Der aktuelle Freiwilligensurvey des Bundesministeriums für Familie, Senioren, Frauen und Jugend zeigt das Bild einer Gesellschaft, bei der Gemeinsinn und Engagement einen hohen Stellenwert haben. 31 Millionen Menschen in Deutschland engagieren sich in ihrer Freizeit ehrenamtlich. Dies entspricht einer Steigerung von zehn Prozent allein in den letzten 15 Jahren. Gleich zu Beginn der Diskussionsrunde wirft Moderatorin Martina Fietz, Chefkorrespondentin von Focus Online, eine ganz grundlegende Frage auf: Wieso engagieren wir uns überhaupt? Die Gäste der Diskussionsrunde sind sich schnell einig, dass es nicht nur altruistische Motive sind, die dahinter stecken, sondern auch eine Prise Egoismus. Neben dem Willen, Gutes zu tun, und dem Pflichtgefühl der Gesellschaft gegenüber, spielt auch die Selbstverwirklichung und das Gefühl, seinem Leben mehr Sinn und Bedeutung zu geben, eine große Rolle. „Es gibt mehr im Leben als Arbeit und Geld“, nennt Britta Haßelmann MdB, erste Parlamentarische Geschäftsführerin der Fraktion Bündnis 90/Die Grünen im Deutschen Bundestag, die Erkenntnis, die viele Menschen im Laufe ihres Lebens trifft. Für Schriftstellerin Thea Dorn ist auch die Liebe ein wichtiger Treiber des Gemeinsinns: die Liebe zu bestimmten Menschen, zu bestimmten Themengebieten oder Regionen. Freiwilliges Engagement beschränke sich daher immer auf einen Teil der Gesellschaft. „Man kann nicht die ganze Welt lieben“, so die Autorin.

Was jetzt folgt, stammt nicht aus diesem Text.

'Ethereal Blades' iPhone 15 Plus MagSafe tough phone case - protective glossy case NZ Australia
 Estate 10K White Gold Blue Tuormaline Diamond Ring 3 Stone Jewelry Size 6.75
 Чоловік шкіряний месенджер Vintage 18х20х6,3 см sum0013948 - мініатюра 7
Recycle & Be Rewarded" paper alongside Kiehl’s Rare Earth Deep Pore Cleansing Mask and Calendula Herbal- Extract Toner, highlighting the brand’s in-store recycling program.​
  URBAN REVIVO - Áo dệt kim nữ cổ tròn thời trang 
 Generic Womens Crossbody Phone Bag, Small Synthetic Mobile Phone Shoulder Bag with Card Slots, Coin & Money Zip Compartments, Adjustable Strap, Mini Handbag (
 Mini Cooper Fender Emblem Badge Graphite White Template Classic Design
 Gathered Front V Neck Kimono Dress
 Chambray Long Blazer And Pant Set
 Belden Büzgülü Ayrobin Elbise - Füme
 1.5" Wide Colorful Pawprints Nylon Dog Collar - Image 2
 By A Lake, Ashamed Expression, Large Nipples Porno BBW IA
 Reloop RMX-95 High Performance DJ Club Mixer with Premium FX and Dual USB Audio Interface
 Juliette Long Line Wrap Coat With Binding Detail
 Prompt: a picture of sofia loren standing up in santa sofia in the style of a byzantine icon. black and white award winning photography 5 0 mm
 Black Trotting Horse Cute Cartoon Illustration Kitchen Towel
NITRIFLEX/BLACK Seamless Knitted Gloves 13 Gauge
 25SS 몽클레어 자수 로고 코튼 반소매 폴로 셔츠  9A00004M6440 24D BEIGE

Ehrenamt und Work-Life-Balance

Die heutigen Lebensumstände machen es oftmals schwierig, Ehrenamt oder freiwilliges Engagement in den Alltag zu integrieren. Der Grund hierfür liegt darin, dass wir Arbeit und Leben heute wesentlich mobiler und flexibler gestalten als noch vor einigen Jahren. Auslandssemester, Dienstreisen, Berufspendeln, Zeitverträge oder auch Fernbeziehungen lassen oft nur wenig Raum für Engagement in Parteien, Vereinen oder anderen Initiativen. „Wie soll ich bei einer 60-Stunden Woche noch Zeit für Engagement finden?“, bringt Britta Haßelmann die Gedanken vieler Menschen auf den Punkt. Schriftstellerin Thea Dorn kann darin jedoch sogar eine Chance sehen. Gerade weil vielen Menschen feste Bindungen fehlen, suchen sie nach Sinnhaftigkeit in ihrem Leben oder nach der Chance „Teil von etwas Größerem zu sein“. Diesen Sinn könne man z.B. im freiwilligen Engagement finden. Michael Grosse-Brömer MdB, erster Parlamentarischer Geschäftsführer der CDU/CSU-Fraktion im Deutschen Bundestag, bringt schließlich demografische Gesichtspunkte ins Spiel. In kleinen Städten und Dörfern sei eine Mitgliedschaft z.B. im Sportverein oftmals noch selbstverständlicher als in der Großstadt. „In Dörfern sind noch Dinge möglich, die in einer Großstadt heute nicht mehr realisierbar sind“, so der CDU-Politiker. Britta Haßelmann setzt sich dafür ein, das Thema Ehrenamt den heutigen Lebensbedingungen anzupassen. „Wir kennen heute viele verschiedene Formen des Engagements“, stellt Haßelmann fest. Was früher das klassische Ehrenamt war, sei heute bürgerschaftliches Engagement in vielfältigen Ausprägungsformen und kann sich auch nur auf ein zeitlich begrenztes Projekt oder Initiativen im eigenen Kiez beziehen.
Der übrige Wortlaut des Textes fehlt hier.